Em nenhuma outra capital da colônia se encontraria talvez tão grande número de homens notáveis que se associassem e se unissem tão depressa, dir-se-ia pelo instinto da grande causa.

Não se poderia dizer a qual daquelas figuras se deve atribuir a iniciativa, o primeiro movimento de que decorreu o concerto decisivo. Crer-se-ia que o mesmo sentimento, a mesma aspiração, nascera simultaneamente naquelas almas.

O mais que se pode avançar é que o pensamento da revolução nascera entre os três grandes poetas da até hoje sonhada Arcádia Ultramarina: Cláudio Manuel da Costa, Tomás Antônio Gonzaga e Inácio José de Alvarenga Peixoto.

Era o Dr. Cláudio da Costa, além de notável espírito e insigne cultor das letras, um advogado de nomeada. Tinha feito mesmo na advocacia a sua fortuna. Vivia em abastança. Nascido em Mariana, e dispondo de vastas relações, gozava de geral estima e muito prestígio na capitania. Era o mais idoso dos três. Formara-se em Coimbra, e alcançara na Europa "a fama de delicadíssimo poeta da escola italiana, sendo admitido na Arcádia de Roma, sob o nome pastoril de Glauceste Satúrnio".

Tomás Gonzaga era poeta e magistrado. Como poeta é hoje o mais popular dos três. Nascido em Portugal, mas de família brasileira; homem de espírito meio tíbio, mas de boa índole, muito generoso, delicado e afável, cercou-se logo de muitas simpatias em Vila Rica, onde exercia a judicatura. No momento da conjuração, preparava-se para ir tomar posse do seu lugar na Relação da Bahia.

Alvarenga Peixoto, também poeta e advogado, era fluminense; mas estava em Minas havia uns dez ou doze anos, tendo ido para ali, ao voltar da Europa, como ouvidor da comarca do Rio das Mortes. Casara-se em São João d'El-Rei com uma senhora distintíssima, D. Bárbara Heliodora Guilhermina da Silveira, cujo nome entrou na história tanto pela sua grandeza moral, como pela enormidade da desgraça que a feriu.
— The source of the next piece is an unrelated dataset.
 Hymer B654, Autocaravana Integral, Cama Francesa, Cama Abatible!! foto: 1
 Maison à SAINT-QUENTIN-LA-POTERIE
7 - É entre estes três homens que primeiro lampejou a ideia de fazer de Minas um Estado independente. Seria mais exato talvez dar como concebida pelos dois primeiros, ou por um deles, e afagada logo por ambos, essa ideia; pois o que se sabe é que Alvarenga Peixoto entrou na maquinação atraído por aqueles, já conspirados.

Gonzaga e Cláudio eram amigos íntimos; viviam sempre juntos, lidando com os livros, compondo poemas, numa profunda e inalterável solidariedade de alma. A eles associava-se, com os mesmos fervores, o outro poeta, sempre que estava em Vila Rica.

É na casa de Cláudio, ou na de Gonzaga (mais ordinariamente na deste) que se faziam as encantadoras palestras, quase ao ar livre, em ampla varanda aberta para o jardim; um recitando versos, outro lendo uma composição que ultimara, ou algum trecho de novidades chegadas da Europa.
Àquele grêmio foram pouco a pouco associando-se outros fiéis; como o cônego Luís Vieira da Silva (que passava como orador sacro de alto mérito); o padre Miguel Eugênio da Silva Mascarenhas; o Dr. Diogo Pereira Ribeiro de Vasconcelos; Francisco Gregório Pires Monteiro Bandeira, e outros, até de outras vilas, que se não esqueciam de visitar ao menos o cenáculo, de quando em quando, já que não podiam ter a assiduidade dos que exercem o sacerdócio.

É daquele doce convívio espiritual que a política vai tirar aqueles homens, que tão embevecidos andavam dos seus sonhos de glória literária. Talvez até que sem que se apercebessem, foram eles, do culto das Musas, passando ao de outra divindade menos serena e mais tremenda: quando despertaram daquela quase inconsciência, em vez de poetar, conspiravam.